Поэтому нет ничего ошибочнее распространенного в наши дни мнения, согласно которому трагедия не достигла универсальности, поскольку не вышла за пределы внутрисемейных различий. Как раз о стирании этих различий и идет речь в братском конфликте, точно так же как и в религиозной фобии перед близнецами. Две эти темы совпадают, и все же между ними есть разница, на которой стоит остановиться.

Близнецы — это репрезентация (в некоторых отношениях захватывающая) той симметрии конфликта и того тождества, которые присущи жертвенному кризису. Но сходство [близнечной и конфликтной симметрии] чисто случайное: между биологическими и социальными близнецами нет реальной связи. Близнецы предрасположены к насилию не более, чем другие люди или, по крайней мере, чем другие братья. Таким образом, в сопоставлении жертвенного кризиса и специфической сущности близнечества есть некоторая произвольность, которая, правда, имеет иной характер, нежели произвольность языкового знака, поскольку здесь всегда имеется некая аналогия между означающим и означаемым. Парадоксальным образом, к отношению между близнецами и жертвенным кризисом лучше всего подходит классическое определение символа.

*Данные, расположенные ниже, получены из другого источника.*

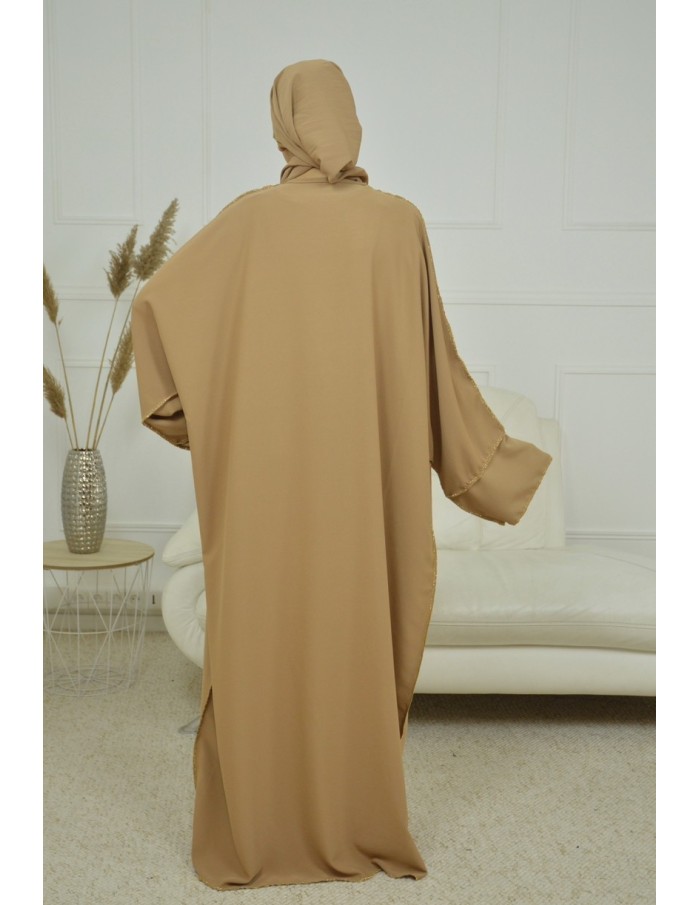 ENSEMBLE 2 PIECES AVEC VOILE INTEGRÉ CAMEL ABAYA - MASTOUR - Accueil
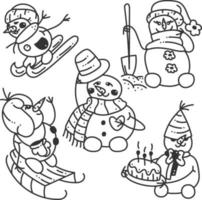 juego de garabatos con muñecos de nieve. pequeño conjunto lindo con 5 muñecos de nieve diferentes. vector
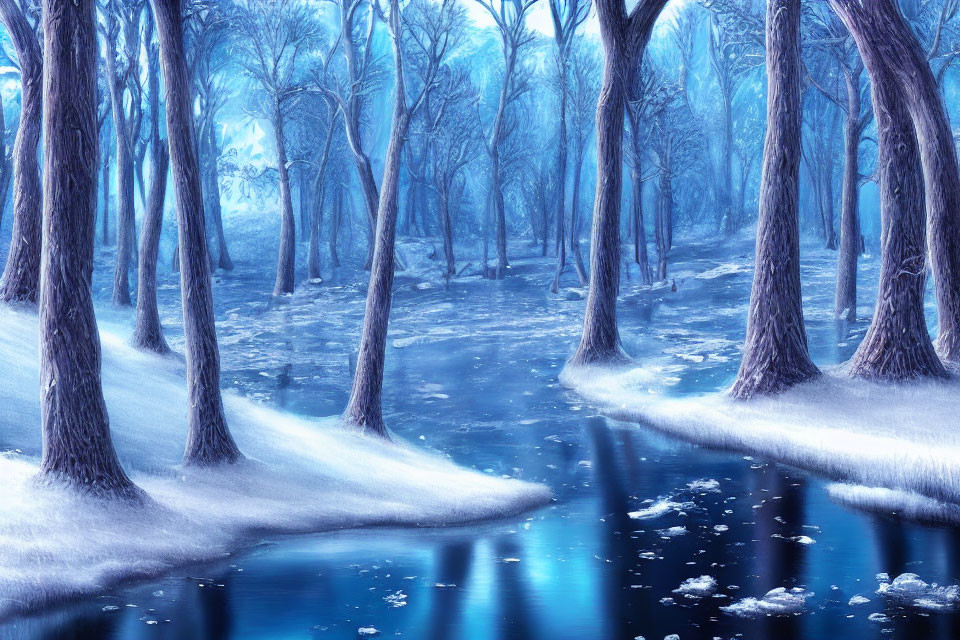 Snow-covered trees reflected in icy blue stream with white flowers - Winter Forest Scene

В случае братьев-врагов внутренняя аналогия ослаблена. Отношение братьев — это нормальное внутрисемейное отношение. Стало быть, между братьями всегда есть какое-то различие, пусть минимальное. При переходе от близнецов к братьям мы что-то теряем в плане символической репрезентации, но выигрываем с точки зрения социальной достоверности; мы снова обретаем опору в реальности. Поскольку в большинстве обществ отношение братьев включает лишь минимум различий, оно, очевидно, составляет слабое место в системе различий, уязвимое для атаки со стороны обезразличенного насилия. Если фобия перед близнецами, поскольку они близнецы, откровенно мифологична, то о преобладании [в мифе] соперничества между братьями этого сказать нельзя. Не только в мифах братья одновременно и сближены, и разделены общими чарами — чарами объекта, который они оба пылко вожделеют и который не хотят или не могут поделить: трон, женщина или, в более общем виде, отцовское наследство.

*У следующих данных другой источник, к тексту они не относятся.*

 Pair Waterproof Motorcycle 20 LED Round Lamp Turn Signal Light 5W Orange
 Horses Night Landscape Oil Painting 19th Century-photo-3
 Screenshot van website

Братья-враги, в отличие от близнецов, тесно связаны как с чисто символической, так и с реальной десимволизацией, с настоящим жертвенным кризисом. В некоторых африканских монархиях со смертью короля между его сыновьями начинается спор за наследование, превращающий их в братьев-врагов. Трудно, а может быть, и невозможно определить, в какой мере это спор символический, ритуальный, а в какой — ведущий к неопределенному будущему, к реальным событиям. Иными словами, неизвестно, настоящий ли конфликт перед нами или жертвенное подобие, единственная задача которого — отвратить с помощью катартического эффекта кризис, обозначенный здесь с почти излишней прямотой.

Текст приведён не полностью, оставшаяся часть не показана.